La cérémonie se poursuit par la levée de l’excommunication qui frappait les deux suédois, puis par leur confirmation dans l’Eglise catholique suivie par l’affirmation résolument dynamique du Credo. Nos frères séparés nous ont rejoints, chacun revient à sa place, Monseigneur entonne l’Asperges me, la messe peut alors commencer.
Ce ne fut pas la messe des grands jours, juste une toute petite dizaine d’enfants de chœur ponctuaient le bas des marches de l’autel de leur aube écarlate, mais ce fut une messe intense, en communion avec ces deux hommes profondément religieux : l’un ministre de sa religion depuis déjà tant d’années et l’autre, ce tout jeune homme qui venait gravement d’abjurer, décidant ainsi d’un coup son destin en accompagnant son aîné sur le chemin d’amour indiqué par Notre-Seigneur : « Viens et suis-moi ».
Un dernier mot pour évoquer la musique qui accompagnait cet élan liturgique. Les chorales qui habituellement nous ravissent n’avaient probablement pas pu se réunir faute d’effectif. Il y avait simplement l’orgue, une trompette, et Monsieur l’abbé Lorber. Ils ont su entraîner toute l’assistance : oui, l’église chantait. Vraiment ! Ce n’était pas ces répons du bout des lèvres, parfois du bout du cœur que l’on entend trop souvent, et le Magnificat final lancé du haut de la tribune trouva son écho à plusieurs voix réparties dans la nef, un écho à la mesure de la joie que nous procurait l’événement.
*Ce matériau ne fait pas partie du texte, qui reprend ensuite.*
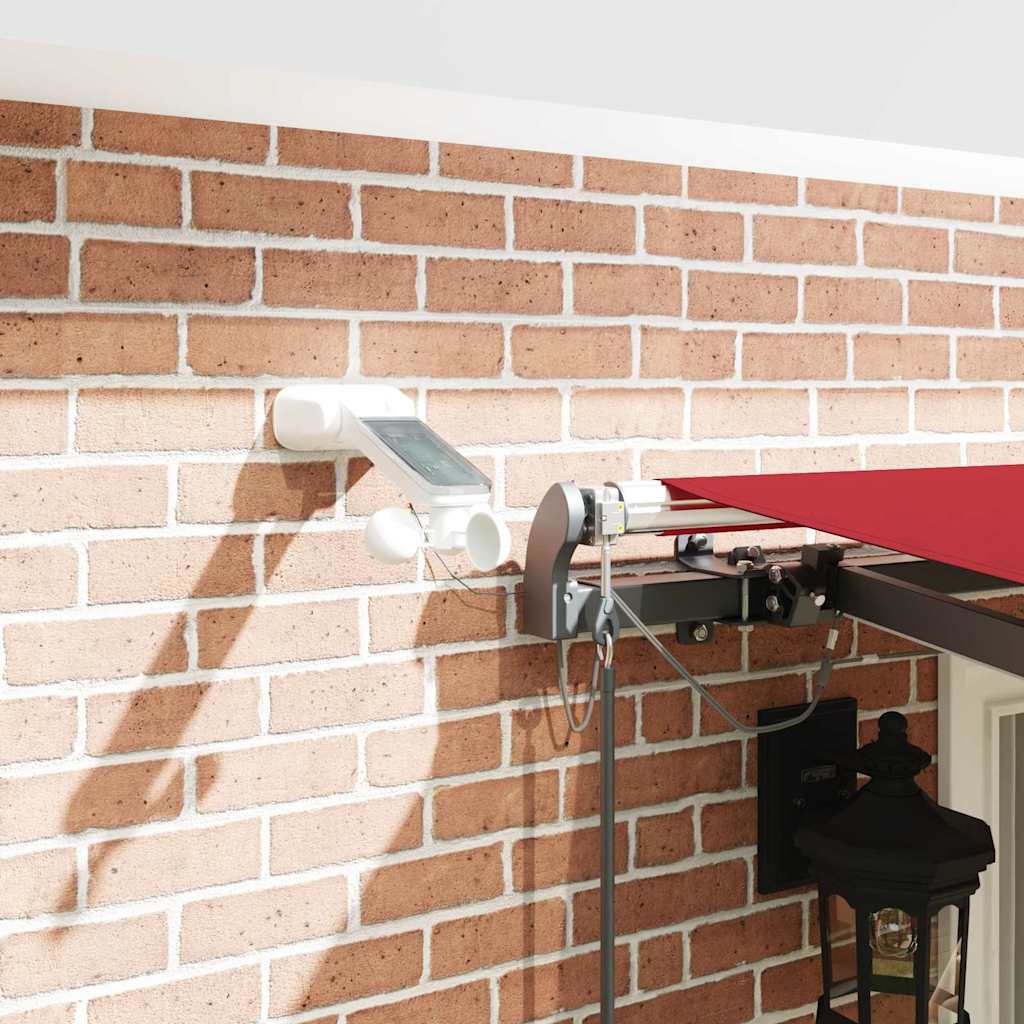 vidaXL Αυτόματη Ανασυρόμενη Τέντα με LED Κόκκινη 400x350 εκ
Nous laisserons cependant le mot de la fin à l’Introït de ce huitième dimanche après la Pentecôte :
Suscepimus, Deus, misericordiam tuam in medio templi tui : secundum nomem tuum, Deus, ita et laus tua in fines terræ : justicia plena est déxtera tua (Ps 47, 2) : Au milieu de votre Temple, ô Dieu, nous avons reçu votre grâce ; votre louange comme votre nom, s’étend jusqu’aux extrémités du monde et votre puissance s’exerce avec justice.